Parallels Desktop zählt mittlerweile zu der beliebtesten und besten Desktop Virtualisierung auf dem Mac. Aufgrund der sehr guten Performance ist es problemlos möglich, virtuelle Maschinen auf einem iMac oder MacBook zu betreiben, ohne dass das System in die Knie geht.
Für unseren Test wurde ein 15 Zoll MacBook Pro (Early 2013) mit 8 GB RAM und einem 2,4 GHz Intel Core i7 Prozessor verwendet.

Im Gegensatz zu den Vorgängerversionen ist es nun möglich, bei Installation eines Betriebssystems auszuwählen, für welchen Zweck das Ganze verwendet werden soll. Neben „Produktivität“, „Nur Spiele“ und „Design“ gibt es eine Auswahlmöglichkeit für „Softwareentwicklung“. Die virtuellen Maschinen werden demnach genau auf die jeweiligen Bedürfnisse angepasst.
Die Installation von Windows 8.1 verlief schnell und unkompliziert, sodass man binnen weniger Minuten eine virtuelle Umgebung auf seinem Mac zur Verfügung stehen hat.
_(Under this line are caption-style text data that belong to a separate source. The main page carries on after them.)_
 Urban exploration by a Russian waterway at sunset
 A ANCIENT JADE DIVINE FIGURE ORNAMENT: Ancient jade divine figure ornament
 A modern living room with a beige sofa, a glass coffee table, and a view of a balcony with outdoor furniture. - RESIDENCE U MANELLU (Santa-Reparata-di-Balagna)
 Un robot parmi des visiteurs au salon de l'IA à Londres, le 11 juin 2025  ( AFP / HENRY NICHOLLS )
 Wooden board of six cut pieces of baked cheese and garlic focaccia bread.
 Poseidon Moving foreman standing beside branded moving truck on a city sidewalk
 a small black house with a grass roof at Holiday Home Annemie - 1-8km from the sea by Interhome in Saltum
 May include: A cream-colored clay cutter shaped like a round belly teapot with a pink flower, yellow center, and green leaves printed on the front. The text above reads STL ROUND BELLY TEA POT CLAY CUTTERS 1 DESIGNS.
Es gibt zwar viele Alternativ-Programme, allerdings kommt man teilweise nicht um die guten alten Windows Programme herum, wodurch Windows auf einem Mac unverzichtbar wird.

parallels_1

Positiv fällt auf, dass die Win8 Integration in Parallels Desktop 10 um einiges besser geworden ist. So kann man selbst entscheiden, ob Windows 8 mit einem Startmenü oder als Kacheloberfläche dargestellt werden soll. Die bekannten Auflösungsprobleme wurden behoben, wodurch das Arbeiten auf dem Mac deutlich angenehmer von der Hand geht.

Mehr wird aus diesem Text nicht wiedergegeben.